- _About this task_
Write out each entry below exactly; the images do not belong in your copy.

- _Stored data_
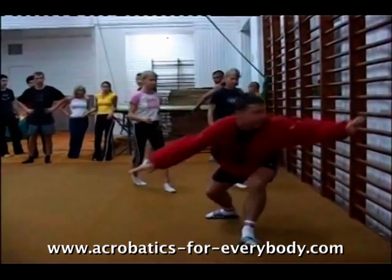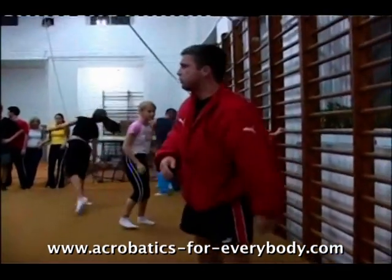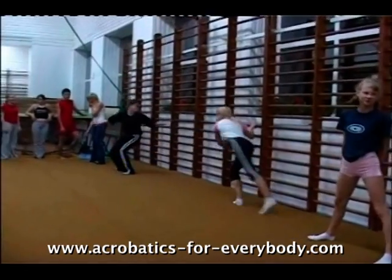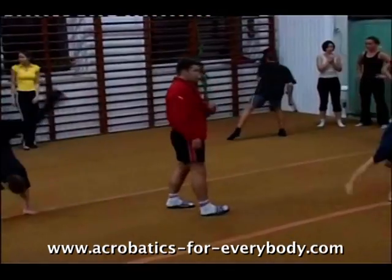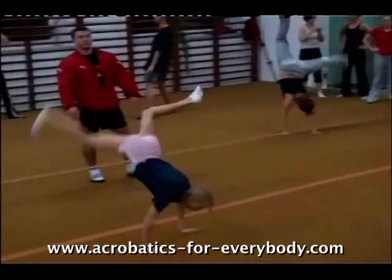Rest your hands on the bar and jump over. Straighten the legs. Keep the trunk low.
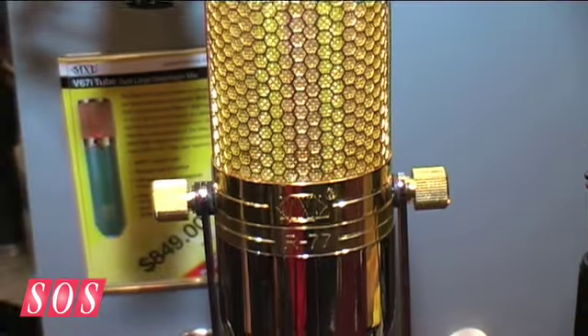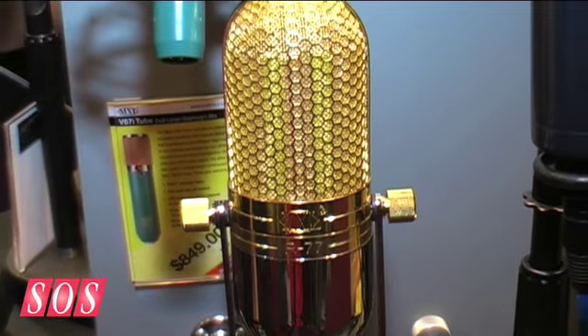This microphone has a figure-eight pattern, so the sides get sound rejection. So all the noise makers — computers, hard drives, the refrigerator — could be facing here and they won't get picked up in the recording. It's actually a beautiful project studio microphone.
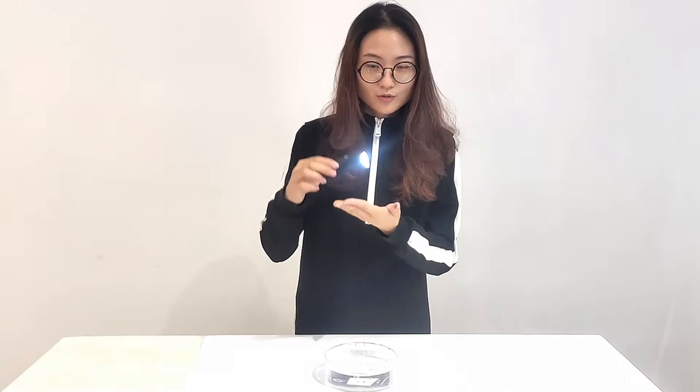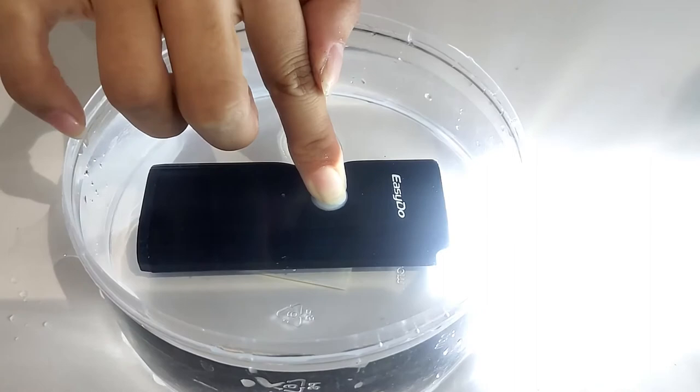Let's see the waterproof test. It has very good performance in the waterproof test, so please do not worry if you are using it during heavy rain. This is a super bright light.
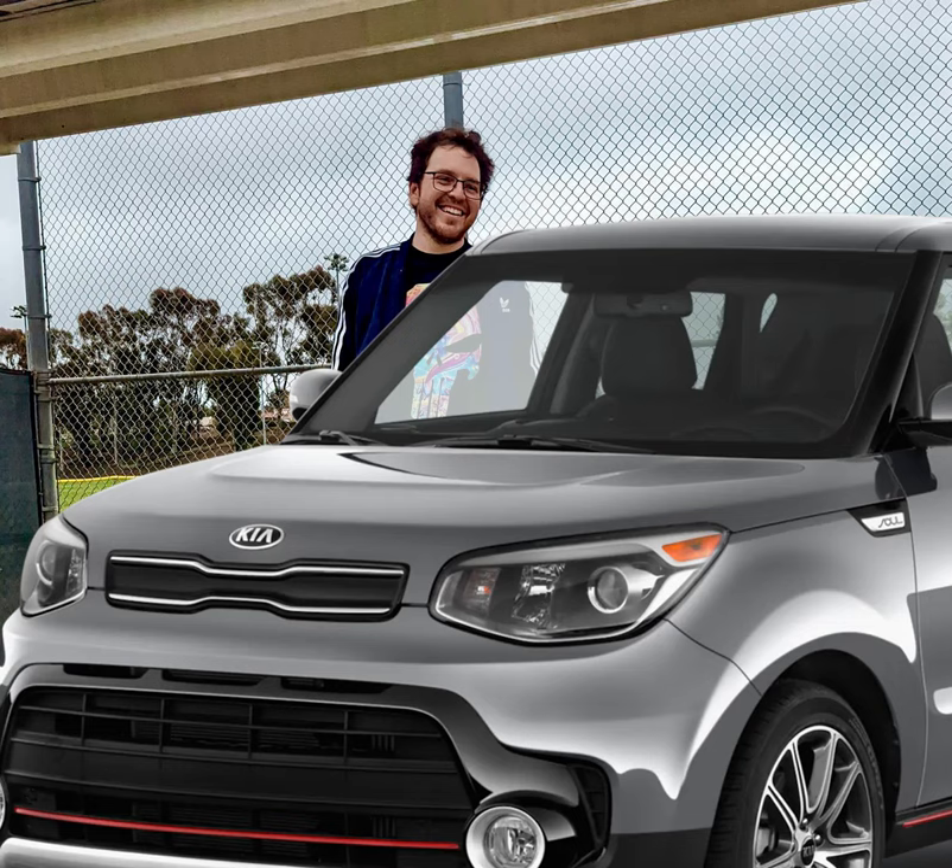Clean up and dispose of the old oil. Pour the used oil from the drain pan into a sealed container and take it to a local recycling center or auto parts store for proper disposal. Congratulations — you've successfully changed the oil on your 2017 Kia Soul! Be sure to record the date and mileage of the oil change for future reference.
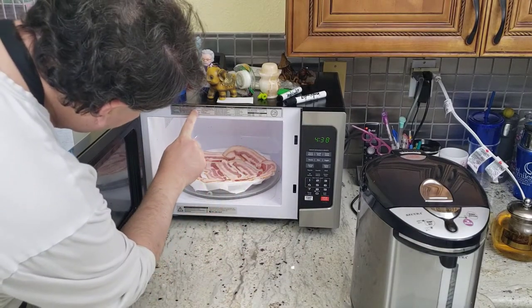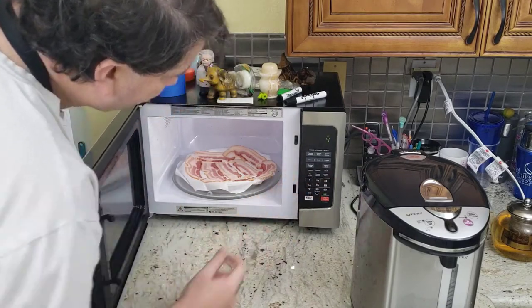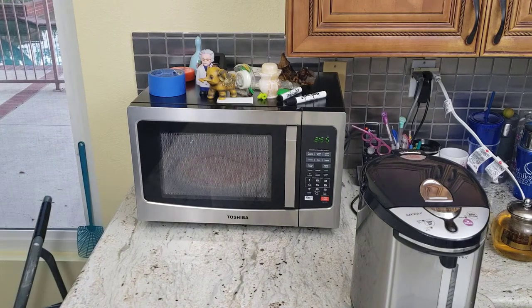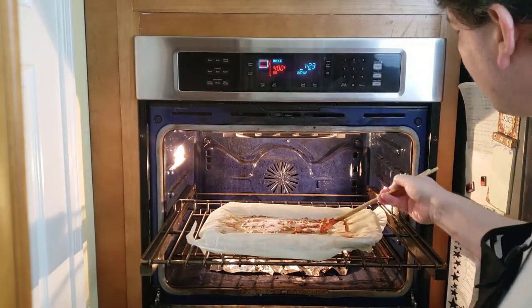Now it's about the microwave's turn. We use the settings from the microwave itself to see how long we should do it, and it says three minutes. We'll check after three minutes how the bacon looks. You can see there's just a little time left on the oven as well.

- _Expected answer_
Rest your hands on the bar and jump over. Straighten the legs. Keep the trunk low.
This microphone has a figure-eight pattern, so the sides get sound rejection. So all the noise makers — computers, hard drives, the refrigerator — could be facing here and they won't get picked up in the recording. It's actually a beautiful project studio microphone.
Let's see the waterproof test. It has very good performance in the waterproof test, so please do not worry if you are using it during heavy rain. This is a super bright light.
Clean up and dispose of the old oil. Pour the used oil from the drain pan into a sealed container and take it to a local recycling center or auto parts store for proper disposal. Congratulations — you've successfully changed the oil on your 2017 Kia Soul! Be sure to record the date and mileage of the oil change for future reference.
Now it's about the microwave's turn. We use the settings from the microwave itself to see how long we should do it, and it says three minutes. We'll check after three minutes how the bacon looks. You can see there's just a little time left on the oven as well.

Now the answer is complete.